Across the entries below, please work out how many lines contain the string "Used" and give only the number.
(Beginning of Source material)
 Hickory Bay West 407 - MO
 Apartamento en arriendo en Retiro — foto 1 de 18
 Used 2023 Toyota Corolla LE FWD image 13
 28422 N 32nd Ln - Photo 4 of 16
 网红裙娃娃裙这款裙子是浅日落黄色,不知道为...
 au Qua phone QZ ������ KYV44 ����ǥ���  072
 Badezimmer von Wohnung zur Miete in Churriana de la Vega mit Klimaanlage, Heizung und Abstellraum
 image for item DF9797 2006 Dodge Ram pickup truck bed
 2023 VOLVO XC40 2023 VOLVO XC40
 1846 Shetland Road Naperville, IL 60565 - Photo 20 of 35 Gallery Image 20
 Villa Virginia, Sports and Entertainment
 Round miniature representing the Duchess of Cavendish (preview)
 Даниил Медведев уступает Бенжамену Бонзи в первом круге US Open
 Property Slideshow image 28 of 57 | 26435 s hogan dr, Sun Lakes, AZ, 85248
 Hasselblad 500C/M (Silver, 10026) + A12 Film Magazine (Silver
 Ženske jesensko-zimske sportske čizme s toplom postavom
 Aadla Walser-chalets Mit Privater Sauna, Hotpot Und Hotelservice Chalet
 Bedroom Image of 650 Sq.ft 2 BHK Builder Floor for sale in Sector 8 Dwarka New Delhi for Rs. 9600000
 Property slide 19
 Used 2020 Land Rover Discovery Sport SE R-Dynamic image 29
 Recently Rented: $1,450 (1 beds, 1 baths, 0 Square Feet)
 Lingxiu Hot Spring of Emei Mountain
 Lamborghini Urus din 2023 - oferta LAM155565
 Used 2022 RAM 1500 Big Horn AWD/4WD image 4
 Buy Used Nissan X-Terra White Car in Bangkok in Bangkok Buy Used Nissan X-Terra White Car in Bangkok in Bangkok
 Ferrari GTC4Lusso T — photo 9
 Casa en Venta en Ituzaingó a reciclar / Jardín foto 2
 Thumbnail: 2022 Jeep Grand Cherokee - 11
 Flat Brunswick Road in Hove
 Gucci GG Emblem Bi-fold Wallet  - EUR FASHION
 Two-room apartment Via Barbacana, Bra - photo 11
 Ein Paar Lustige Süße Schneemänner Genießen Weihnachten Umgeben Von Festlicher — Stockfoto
(End of Source material)
### Response for this exercise
4